PROBLEM DETAILS
The entries should be written out again exactly as they read.

Source data
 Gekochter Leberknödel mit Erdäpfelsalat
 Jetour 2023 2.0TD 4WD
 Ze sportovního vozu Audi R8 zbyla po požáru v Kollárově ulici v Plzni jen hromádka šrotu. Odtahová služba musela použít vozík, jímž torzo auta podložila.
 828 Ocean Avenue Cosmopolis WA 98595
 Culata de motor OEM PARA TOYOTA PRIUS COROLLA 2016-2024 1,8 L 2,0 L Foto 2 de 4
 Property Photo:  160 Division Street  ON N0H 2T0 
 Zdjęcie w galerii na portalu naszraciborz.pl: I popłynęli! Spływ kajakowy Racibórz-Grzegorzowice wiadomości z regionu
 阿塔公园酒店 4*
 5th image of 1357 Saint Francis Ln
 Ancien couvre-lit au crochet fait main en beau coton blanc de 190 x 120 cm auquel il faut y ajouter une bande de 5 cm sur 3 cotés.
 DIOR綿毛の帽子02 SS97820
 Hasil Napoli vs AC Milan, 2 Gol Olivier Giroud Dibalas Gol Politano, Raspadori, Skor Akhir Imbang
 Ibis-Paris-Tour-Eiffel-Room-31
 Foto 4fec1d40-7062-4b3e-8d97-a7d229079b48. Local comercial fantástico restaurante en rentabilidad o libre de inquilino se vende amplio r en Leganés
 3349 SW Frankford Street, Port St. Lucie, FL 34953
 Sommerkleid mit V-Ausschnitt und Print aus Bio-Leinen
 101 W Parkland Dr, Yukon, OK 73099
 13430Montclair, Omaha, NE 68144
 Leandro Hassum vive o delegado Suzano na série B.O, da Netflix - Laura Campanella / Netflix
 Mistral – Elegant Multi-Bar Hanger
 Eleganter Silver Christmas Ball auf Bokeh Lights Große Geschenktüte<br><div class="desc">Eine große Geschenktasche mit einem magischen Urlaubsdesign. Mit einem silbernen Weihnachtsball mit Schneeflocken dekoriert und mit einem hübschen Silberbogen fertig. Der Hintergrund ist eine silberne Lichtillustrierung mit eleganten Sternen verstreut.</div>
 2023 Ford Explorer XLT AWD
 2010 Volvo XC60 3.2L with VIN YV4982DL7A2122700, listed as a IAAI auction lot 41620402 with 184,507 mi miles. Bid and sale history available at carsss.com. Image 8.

SOLUTION BELOW
 Gekochter Leberknödel mit Erdäpfelsalat
 Jetour 2023 2.0TD 4WD
 Ze sportovního vozu Audi R8 zbyla po požáru v Kollárově ulici v Plzni jen hromádka šrotu. Odtahová služba musela použít vozík, jímž torzo auta podložila.
 828 Ocean Avenue Cosmopolis WA 98595
 Culata de motor OEM PARA TOYOTA PRIUS COROLLA 2016-2024 1,8 L 2,0 L Foto 2 de 4
 Property Photo:  160 Division Street  ON N0H 2T0 
 Zdjęcie w galerii na portalu naszraciborz.pl: I popłynęli! Spływ kajakowy Racibórz-Grzegorzowice wiadomości z regionu
 阿塔公园酒店 4*
 5th image of 1357 Saint Francis Ln
 Ancien couvre-lit au crochet fait main en beau coton blanc de 190 x 120 cm auquel il faut y ajouter une bande de 5 cm sur 3 cotés.
 DIOR綿毛の帽子02 SS97820
 Hasil Napoli vs AC Milan, 2 Gol Olivier Giroud Dibalas Gol Politano, Raspadori, Skor Akhir Imbang
 Ibis-Paris-Tour-Eiffel-Room-31
 Foto 4fec1d40-7062-4b3e-8d97-a7d229079b48. Local comercial fantástico restaurante en rentabilidad o libre de inquilino se vende amplio r en Leganés
 3349 SW Frankford Street, Port St. Lucie, FL 34953
 Sommerkleid mit V-Ausschnitt und Print aus Bio-Leinen
 101 W Parkland Dr, Yukon, OK 73099
 13430Montclair, Omaha, NE 68144
 Leandro Hassum vive o delegado Suzano na série B.O, da Netflix - Laura Campanella / Netflix
 Mistral – Elegant Multi-Bar Hanger
 Eleganter Silver Christmas Ball auf Bokeh Lights Große Geschenktüte<br><div class="desc">Eine große Geschenktasche mit einem magischen Urlaubsdesign. Mit einem silbernen Weihnachtsball mit Schneeflocken dekoriert und mit einem hübschen Silberbogen fertig. Der Hintergrund ist eine silberne Lichtillustrierung mit eleganten Sternen verstreut.</div>
 2023 Ford Explorer XLT AWD
 2010 Volvo XC60 3.2L with VIN YV4982DL7A2122700, listed as a IAAI auction lot 41620402 with 184,507 mi miles. Bid and sale history available at carsss.com. Image 8.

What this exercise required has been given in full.